Address
- 25 Corporate Park Drive Hopewell Junction, New York, 12533 United States

District information
- Type: Public
- Grades: K–12
- NCES District ID: 3629880

Students and staff
- Students: 10,436
- Teachers: 732.07
- Staff: 960.91
- Student–teacher ratio: 14.26

Other information
- Website: www.wappingersschools.org

= Wappingers Central School District =

School district in New York, United States

Wappingers Central School District (WCSD) is a school district headquartered in the town of East Fishkill, New York, on Corporate Park Drive.

==History==
On November 30, 1937, in the southern portion of Dutchess County, New York, there was a meeting held to determine the consolidation of area school districts. The district was created after a September 1938 vote within all or portions of several communities in Dutchess and Putnam counties, including Wappinger, East Fishkill, Fishkill Town, and Poughkeepsie Town in Dutchess County and Kent and Philipstown in Putnam County, approved the establishment of the WCSD. Upon opening the district had attained 11 schools. In the 1950s the East Fishkill Number 6, Gayhead, Old Hopewell, Shenendoah, and Stormville school districts were consolidated into the Wappingers district.

==District boundary==
Most of the district is in Dutchess County. Towns in the school district include Fishkill, Poughkeepsie, and Wappinger. Villages in the school district include East Fishkill, Fishkill, and Wappingers Falls.

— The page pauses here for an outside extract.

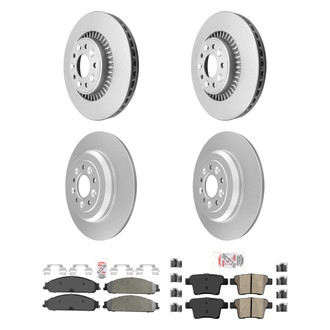 AmeriBRAKES® - AmeriPRO™ Plain Front and Rear Brake Kit with Semi-Metallic Pads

Census-designated places (hamlets) in the district include Brinckerhoff, Hillside Lake, Hopewell Junction, Merritt Park, Myers Corner, New Hackensack, New Hamburg, and portions of Crown Heights, Red Oaks Mill, and Spackenkill.

The district extends into Putnam County, with sections in Kent and Philipstown.

==Schools==
===High schools===
- Roy C. Ketcham High School (Wappinger)
- John Jay High School (Hopewell Junction)

===Junior high schools===
- Van Wyck Junior High School (East Fishkill)
- Wappingers Junior High School (Wappinger)

===Elementary schools===
- Brinckerhoff (Fishkill)
- James S. Evans (Wappinger)
- Fishkill (Fishkill)
- Fishkill Plains (East Fishkill)
- Gayhead (Hopewell Junction)
- Kinry Road Elementary School (Poughkeepsie)
- Myers Corners Elementary School (Wappinger)
- Oak Grove Elementary School (Poughkeepsie)
- Sheafe Road Elementary School (Poughkeepsie)
- Vassar Road Elementary School (Poughkeepsie)

===Alternative schools===
- Orchard View Alternative High School (Hopewell Junction)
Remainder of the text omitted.